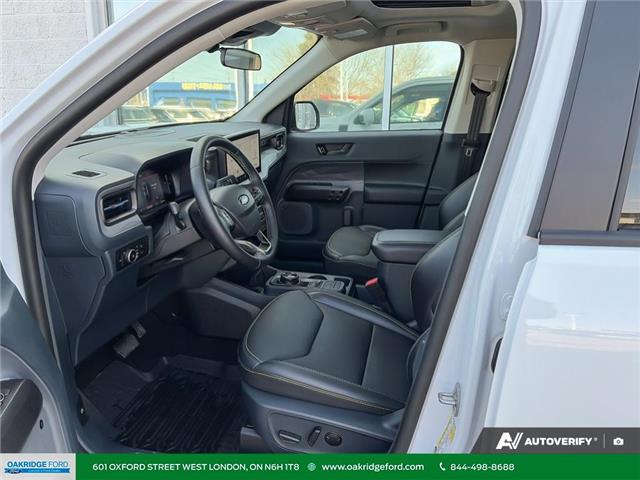 2025 Ford Maverick Lobo High (Stk: L9146) in London - Image 16 of 29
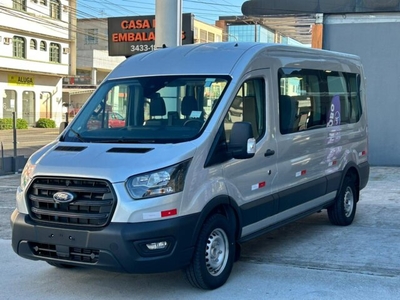 Ford Transit 2.0 EcoBlue Minibus 14+1 410L (Aut) 2024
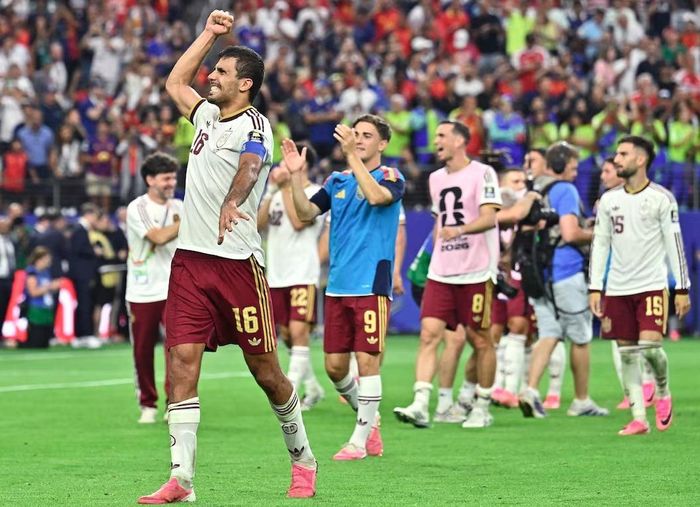  Rodri khẳng định đẳng cấp Quả bóng Vàng 2024.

____

• _About this exercise_
The copy must match the listing above exactly, except that it holds no pictures.

• _Output of the exercise_
 2025 Ford Maverick Lobo High (Stk: L9146) in London - Image 16 of 29
 Ford Transit 2.0 EcoBlue Minibus 14+1 410L (Aut) 2024
  Rodri khẳng định đẳng cấp Quả bóng Vàng 2024.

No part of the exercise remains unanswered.